From a more historical and intuitive perspective, Potter said other countries with large political-economic disparities have grown at a slower rate than more egalitarian ones. Some Caribbean and Latin American countries were wealthier, yet more unequal, than the United States 200 years ago.
“They limited education and job opportunities to the elites, neglecting the masses,” Potter explained. In contrast, the United States extended voting, education, and opportunity to a broader percentage of its citizens. That broader participation and widespread economic competition “propelled the United States economy” while unequal policies elsewhere “limited their growth,” Potter explained.
Are there better options?
Andrew Carver, an associate professor of finance and international business, said he thinks the Buffett Rule is politically motivated rather than policy “based on sound economic reasoning” since it is “effectively an increase in taxes on capital gains.”

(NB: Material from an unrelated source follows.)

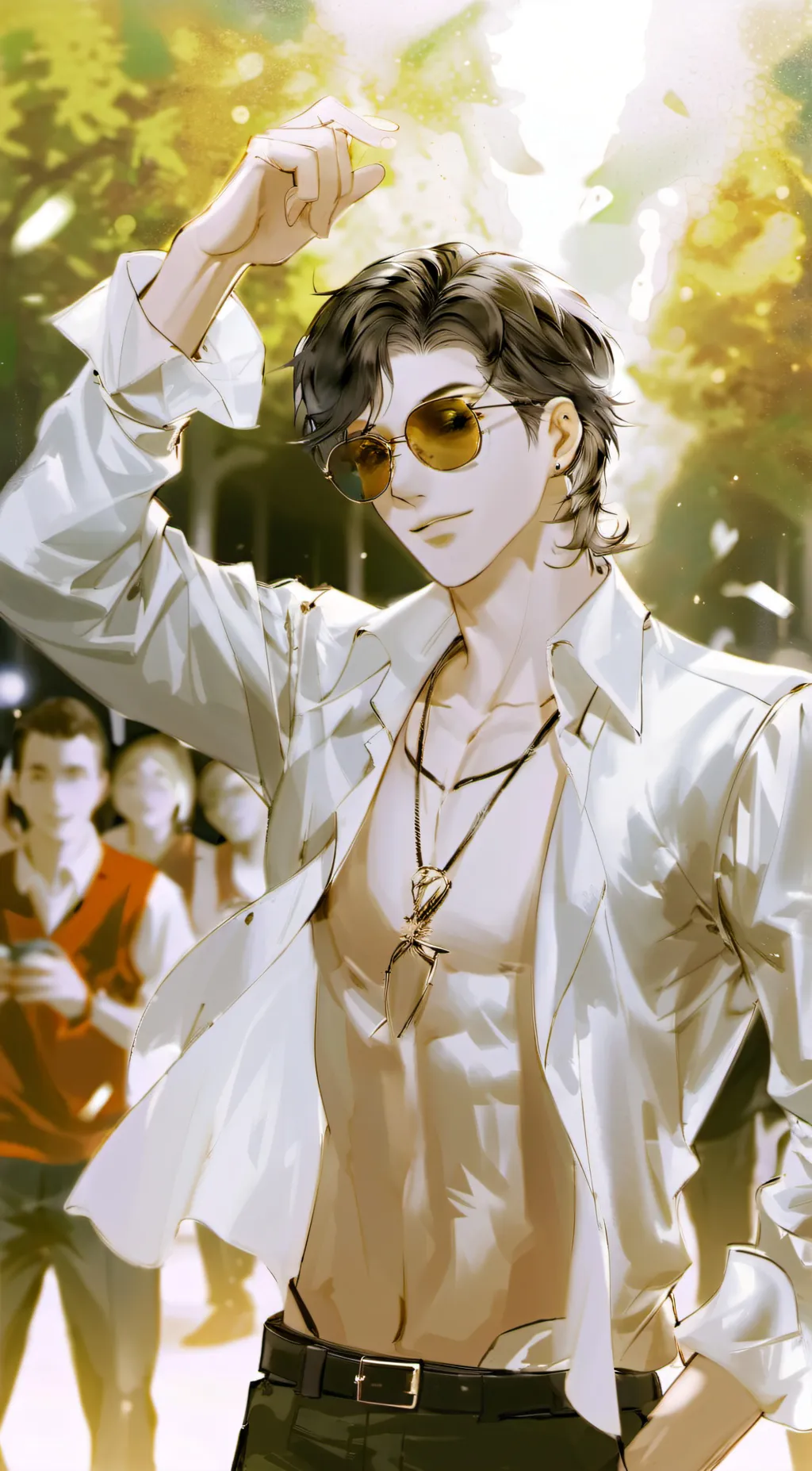 ai character: Micah background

Carver said there’s a logical reason why capital gains rates are lower than marginal income tax rates. That’s because increasing capital gains tax rates above the levels where they are now often doesn’t result in higher levels of revenue for the government because earning a capital gain is a discretionary act by a taxpayer.

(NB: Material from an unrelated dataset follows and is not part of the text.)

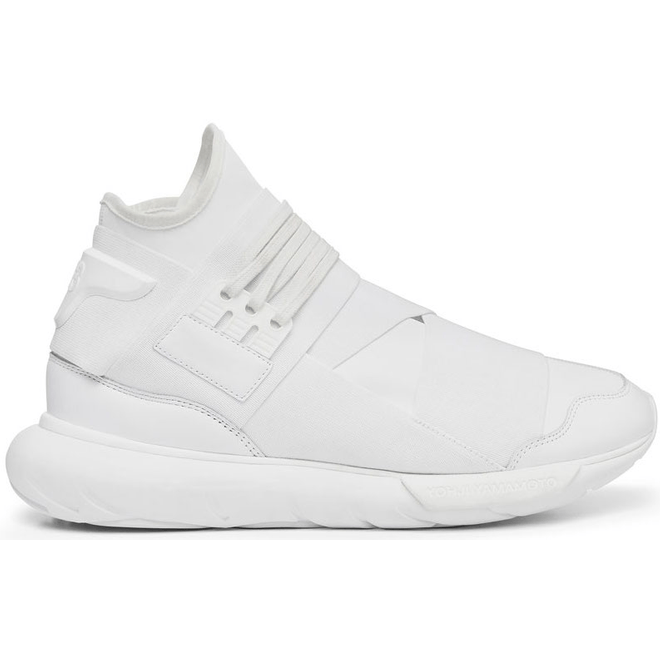 Y-3 Qasa High Triple White AQ5500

“It’s very easy to avoid the capital being taxed just by choosing not to sell an investment, and that’s one of the reasons why it’s so difficult to make estimates of how much revenue this tax would create because it’s difficult to estimate how taxpayers would respond to higher marginal tax rates,” Carver said.
Carver, who previously worked as an equity research analyst at Morningstar Inc. covering the banking sector, said the Buffett Rule “doesn’t bring a lot of benefits and has potentially significant costs.” In addition to not raising much revenue, Carver said “because this is effectively a tax on wealthy people changing their portfolio, like other taxes on economic transactions, it may reduce the propensity for people to move their investment dollars toward different opportunities.”

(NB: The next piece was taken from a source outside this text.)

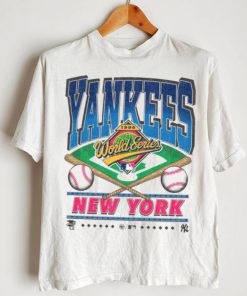 New York Yankees White Franklin Shot T Shirt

“This isn’t a good idea if we want capital to be flowing from unproductive investments to new and better opportunities,” Carver said. “For example, you want entrepreneurs to have the ability to raise the money they need to start new companies, so increasing capital gains tax rates could inhibit the flow of money to new businesses and have the effect of hurting economic growth in the long run.”
Winston said the better answer might lie in letting the Bush tax cuts expire at the end of 2012—a move that could bring in $1 trillion over the decade, according to some estimates.
Carver said such a move had the potential to be “really big” in terms of revenue and economic incentives: “We’re talking about marginal taxes on income and marginal tax rates on capital gains and dividends.” But he cautioned, “There are a lot of angles that need to be looked at overall in terms of how we handle tax policy for the next four years.”
But could it pass?
Most Americans, including Romney supporters, favor a higher tax on the rich. A January 2012 survey on spending and tax priorities conducted by the Weidenbaum Center on the Economy, Government, and Public Policy at Washington University in St. Louis found that 93 percent of Obama supporters and 67.8 percent of Romney supporters said taxes should be raised on those earning more than $1 million a year. The survey included responses from a random sample of about 1,350 eligible voters.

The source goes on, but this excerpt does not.